Revisiting BoolTest – On Randomness Testing Using Boolean Functions

Abstract

Pseudo-random number generation is crucial in cryptology and other areas related to information technology. In a broad sense, the security of a protocol relies on the ‘randomness’ provided by the pseudo-random number generators. It is thus important to examine whether a random-looking stream has some kind of non-randomness in it. Here we consider that a binary stream is divided into blocks of a certain length m and we try to identify an m-bit Boolean function in this regard that is optimal to provide the highest Z-score for the output stream generated by the said function. In this regard, we show certain limitations of the BoolTest strategy by Sýs et al (2017) and present combinatorial results related to identifying the most suitable Boolean functions. We show that the existing works related to BoolTest identify the Boolean functions that are sub-optimal, constrained by the low degree in the Algebraic Normal Form. Our results find out the best Boolean function in this regard that will produce the maximum Z-score and the complexity is \(O(N\log N)\) on the amount of random-looking stream of length N that we read during the evaluation process. We present substantial experimental evidence corresponding to our theoretical ideas. While we solve certain combinatorial problems related to BoolTest, the caveat is, this test is not sufficient to conclude on randomness or non-randomness of a given stream of data.

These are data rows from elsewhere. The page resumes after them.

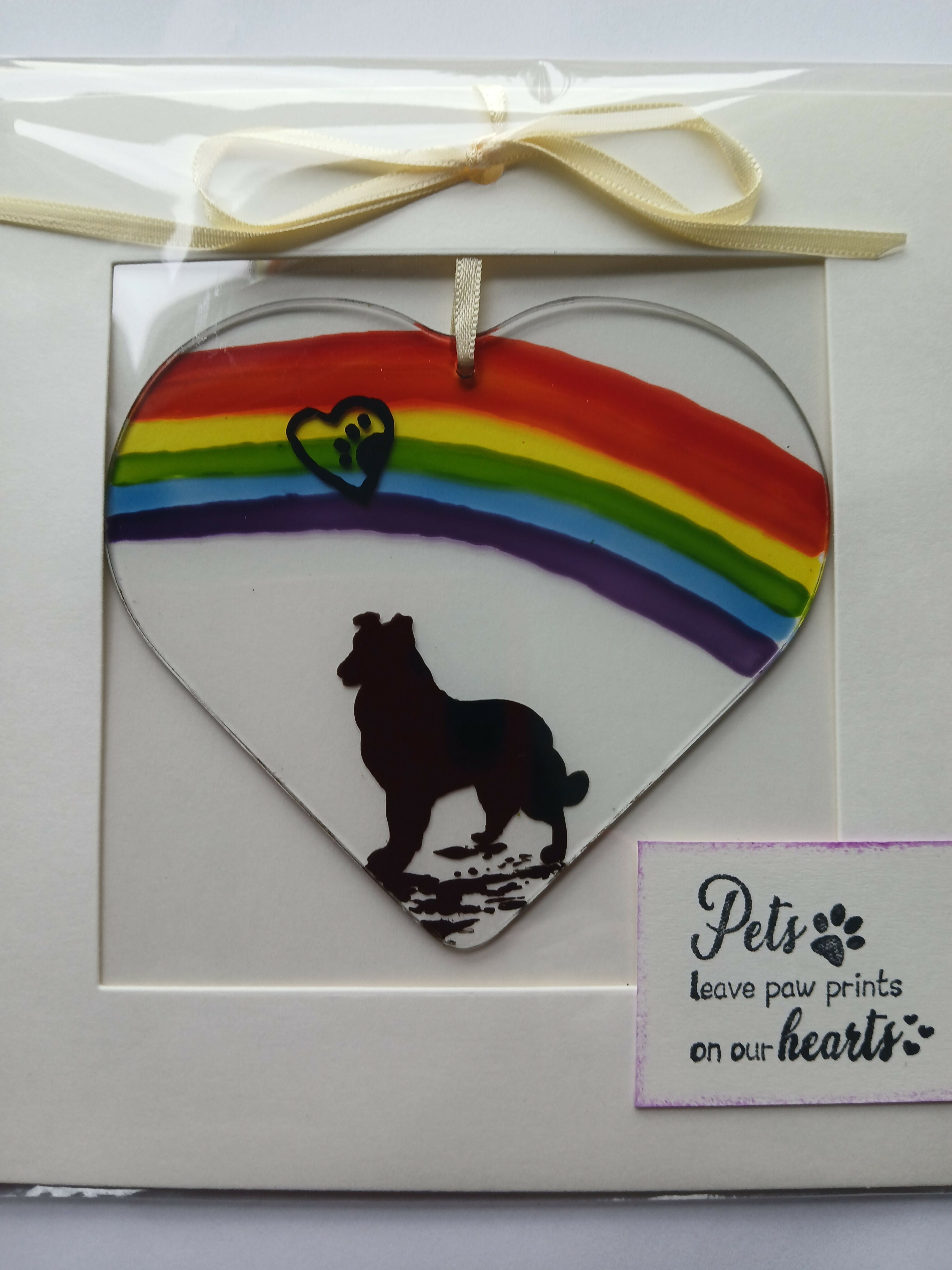 Pet Sympathy Card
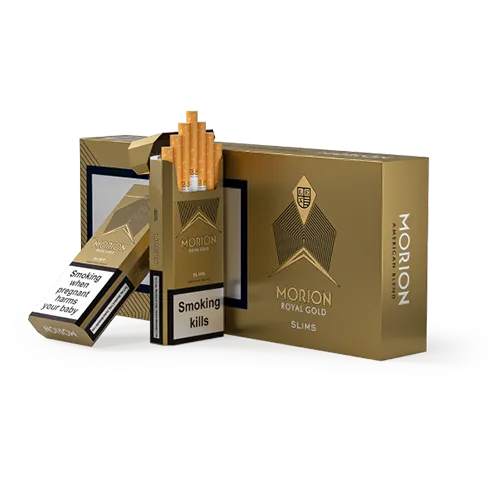 сигареты морион кристалл голд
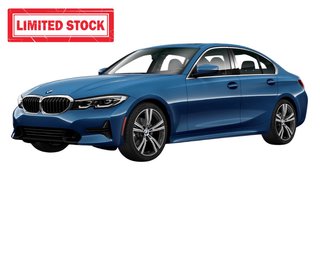 BMW 330 New vehicle for sale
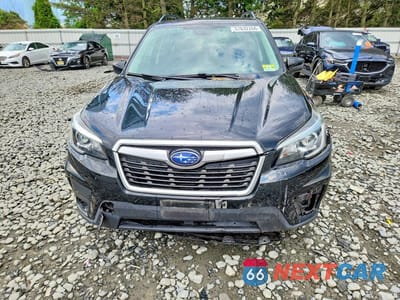 Piąte zdjęcie samochodu w środku: 2019 SUBARU FORESTER PREMIUM VIN:JF2SKAGC3KH531613 - miniatura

Appendix : Implementation Details

For large block sizes, the Z-score would be very large and it would not be possible to store the results accurately in 64 bits data elements of C programming compilers. For example, the highest Z-score for a block size of 256 might be of the order of \(10^{38}\). It would require \(\sim 126\) bits to represent such integers up to \(10^{38}\). To maintain accuracy, we instead use the GNU multi-precision library (GMP) for the calculations [10].